Anselm Richter 

Haus der Stimme

Der Gesang lässt auch neue Nervenzellen wachsen
und das Gehirn lernt die notwendige Lebensfreude.

© Alfred Selacher
(*1945), Schweizer Lebenskünstler 

Und wer ist Anselm Richter?

Ich bin Jahrgang 1959 und in Neuwied am Rhein aufgewachsen. Dadurch, dass meine Mutter Kantorin war, erlebte ich von früh an, dass regelmäßige Hausmusik und das gemeinsame Singen etwas Normales und zum Leben dazugehörig sind! An einen Stimm-„Bruch“ erinnere ich mich nicht. Gefühlt bin ich vom hohen Knabensopran sanft hinüber geglitten in einen Bass-Bariton, mit dem ich dann in den verschiedensten Chören die großen Messen und Oratorien mitsingen und -erleben durfte.
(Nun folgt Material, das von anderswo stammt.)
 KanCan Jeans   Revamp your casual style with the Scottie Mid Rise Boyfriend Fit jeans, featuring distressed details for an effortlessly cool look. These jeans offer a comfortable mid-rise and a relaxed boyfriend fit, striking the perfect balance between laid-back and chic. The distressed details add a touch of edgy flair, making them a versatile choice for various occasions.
Auf die Idee Gesang zu studieren kam ich merkwürdigerweise gar nicht selbst. Einer der Kantoren, in dessen Chor ich mitsang, sprach mich – es war in meiner Zivildienstzeit - nach einer Chorprobe an mit der Frage, ob ich schon einmal an ein Gesangsstudium gedacht hätte. Die richtige Frage zum richtigen Zeitpunkt! Danach fügte sich alles sehr schnell! Ich bekam durch glückliche Umstände die Gelegenheit Professor Edmund Illerhaus von der Folkwang – Musikhochschule Essen vorzusingen, ein halbes Jahr später war ich Gesangsstudent an selbiger Hochschule. Sechs Jahre später konnte ich dann das Studium mit der Künstlerischen Reifeprüfung und der Staatl. Musikschullehrerprüfung abschließen.

Es folgten Lehraufträge an der Volkshochschule Neuwied, der Erziehungswissenschaftlichen Fakultät der Universität Köln und dann in den Abteilungen Schul- und Kirchenmusik an der Musikhochschule Essen, an der ich auch selbst studiert hatte. Inzwischen bin ich seit über 25 Jahren Dozent für Gesang und Sprecherziehung an der Justus-Liebig-Universität in Gießen. Dort habe ich die große Freude, Studierende auf ihrem Weg Musiklehrerinnen und -lehrer zu werden stimmlich zu begleiten und auf ihren Beruf vorzubereiten.

Neben meiner Tätigkeit an der Universität liegt mir die sog. „Laienarbeit“ sehr am Herzen. Daher mache ich auch gerne Stimmbildung bei Chören und Ensembles und in Workshops und bin Leiter vom Marburger Chor 1949 e.V. und dem Gesangverein 1887 Ruttershausen e.V.

In meiner Konzerttätigkeit gibt es inzwischen einen neuen Schwerpunkt, nämlich die vokale Improvisation. Vor über zwei Jahren hat sich das „Trio Momentum“ gegründet. Sie finden auf diesen Seiten Ausschnitte aus unserem Debüt-Programm als YouTube-Videos

Gibt es eine „Idee“, die dieses Haus entstehen ließ?

Singen heißt für mich „Raum-Erleben“! Es gibt Räume, da möchte man beim Betreten gleich lossingen. Und das hat oft nicht nur mit der Akustik allein zu tun, sondern mit der „Stimmigkeit“ der Architektur insgesamt. Und hierzu gehört immer ein entscheidender Faktor – die Raumhöhe! Ab einer bestimmten Raumhöhe – und die mag ganz individuell empfunden werden – entsteht das beglückende Gefühl: „Hier kann ich über mich hinauswachsen!“ Am deutlichsten erfahren wir das, wenn wir eine Kirche betreten. Ich erlebe, wie dieses Höher-und-Weiter-Werden des Raumes etwas mit mir macht, in mir etwas auslöst, was sich in dem Klang meiner Stimme wiederspiegelt! 

Wenn ich früher nach meiner „Idee“ gefragt wurde, habe ich immer gesagt, dass ich mir – und allen, die mit mir zusammen „stimmlich über sich hinauswachsen“ wollen - am liebsten einen Dom bauen würde. Dort hatte ich in Bezug auf mein Singen die inspirierensten Erfahrungen und die Visualisierung der Dom-Architektur spielt in meiner Methodik eine große Rolle.

Nun ist es nicht wirklich ein Dom geworden, noch nicht mal eine Kapelle. Dafür fehlten dann doch die Mittel. Von außen erscheint das Haus auch nicht besonders groß. Aber mein Architekt hatte, als ich ihm von meiner „Idee“ erzählte, gleich die Vision von einem Raum, der nach oben hin bis in den Giebel hinein offen ist. Und so ist ein fast sieben Meter hoher Gesangsraum entstanden, der zusätzlich zu einer guten Akustik diese inspirierenden Raumeigenschaften hat.